Tuesday, August 4, 2009

Shopping list...

Today I've started preparing the shopping list for the baby and me. OMG! the list is
so big and it goes on and on.... Also, estimated the cost for the first year and it's
going to be around 15000$ and with parents tickets and gifts, it's going to be 25000$.
I'm almost faint...Such a small baby needs so much money. What I've to do for her college.
I think I've to do double jobs.
Sometimes I get scared thinking how I'm going to raise her. Can I become good mom!!!
This is ofcourse a million dollar question for me right now :):)
Some of my collegues are also due in November and December. In office, now a days,
wherever you see, it's all baby's talk because in the last 2 years only most of the
employees had babies and I'm one among the last batch.
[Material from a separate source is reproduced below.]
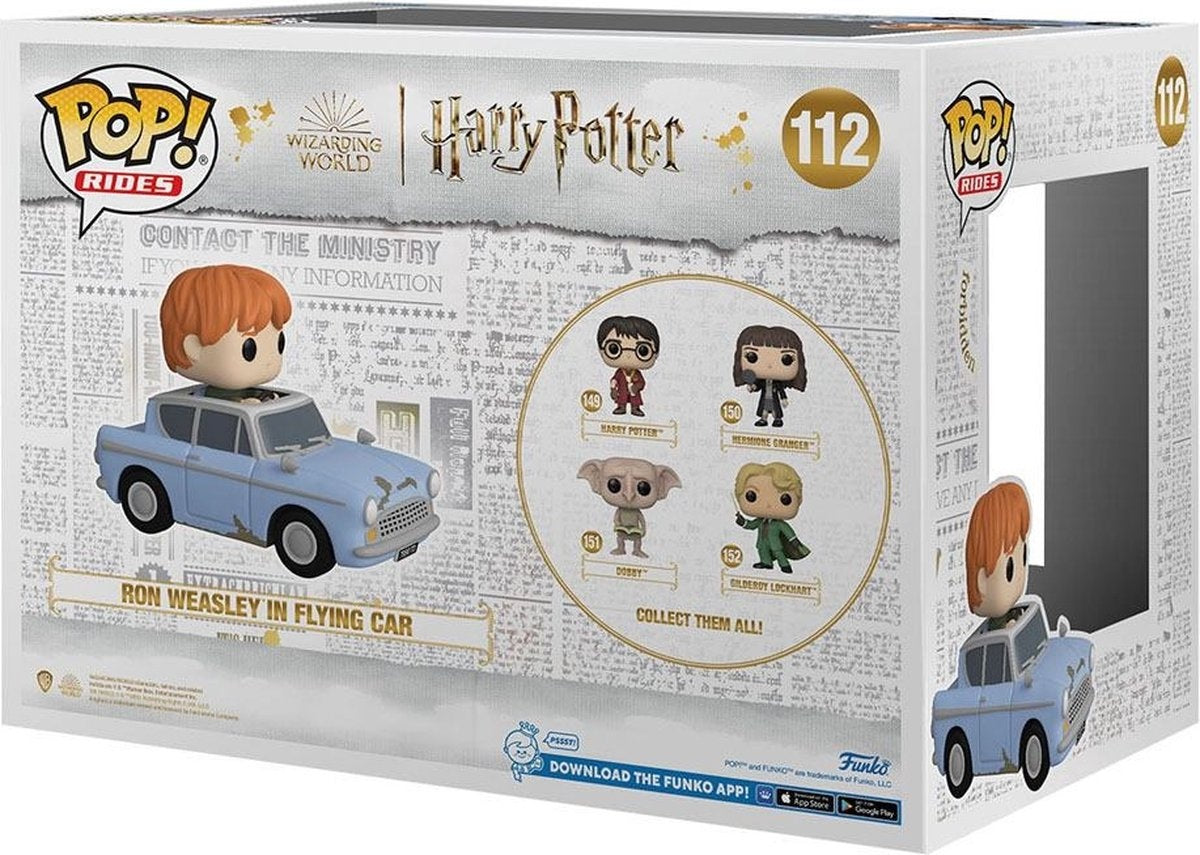 Funko Harry Potter verzamelfiguur pop rides vinyl – chamber of secrets anniversary – ron with car 15 cm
For the next 2 weeks, my activities are pretty much planned. Next week, saturday one
birthday party is there and later going to Home depot to get bamboo (finally, I took
strong decision). Sunday, going for baby shopping. By the next month, I should finish
baby shopping and keep my bag ready. My home is almost ready to welcome baby. Now I want
to sell the dining table to have more space. Once baby comes, I would need big space.

Friday, July 31, 2009

How am I looking???

I'm into my 28th week of my pregnancy. My tummy looks so round and round. I feel
I'm carrying actually triplets one in my tummy and one in my each thighs. I'm putting
on so much, can't even imagine how I look in my 9th month. If I kept this weight gaining
aside, everything else is so good. My face is glowing and I'm asked "what are you doing,
you are looking awesome"! Groovy to hear this...Thanks to my Laddamma :-)

VaraLakshmi Vratam.....

Today is Varalakshmi vratam, very auspicious day. I've planned to do vratam, so did arrangementby in the night before going to sleep. Around 3AM, my husband woke me up (ofcourse that's my daily time to take prenatal tablets) and told that my mom-in-law said I can't do vratam as it's 7th month of pregnancy. Humm...what to do Laddamma now...so I just did puja but not vratam. Prepared simple recipes like payasam and offered fruits and coconut as naivedyam. Today I can see the same proud look in my husband's eyes. He gets this chance only for 5 times a year. So he never misses this opportunity. After performing puja, I take his blessings. He so proudly feels and blesses me with akshintalu and good wishes :) How can I miss that look in his eyes!!
One of my frnd called us for dinner. She has made purnalu and boorelu which are my favorates.
I'm looking forward to it :):)

Thursday, July 30, 2009

Excercise during Pregnancy

I found the following links are useful. It may be helpful for you....

Yoga poses:

http://www.prenatalyogacenter.com/cmps_index.php?page=free-yoga-videos

Prenatal DVD:

http://www.amazon.com/Prenatal-Yoga-Shiva-Rea/dp/B0000BYNMH/ref=cm_cr_pr_sims_t/177-9462155-0636151

During pregnancy, leaving urine sample at every Dr's visit

Everytime you are visiting the doctor, why are you asked to leave your urine sample?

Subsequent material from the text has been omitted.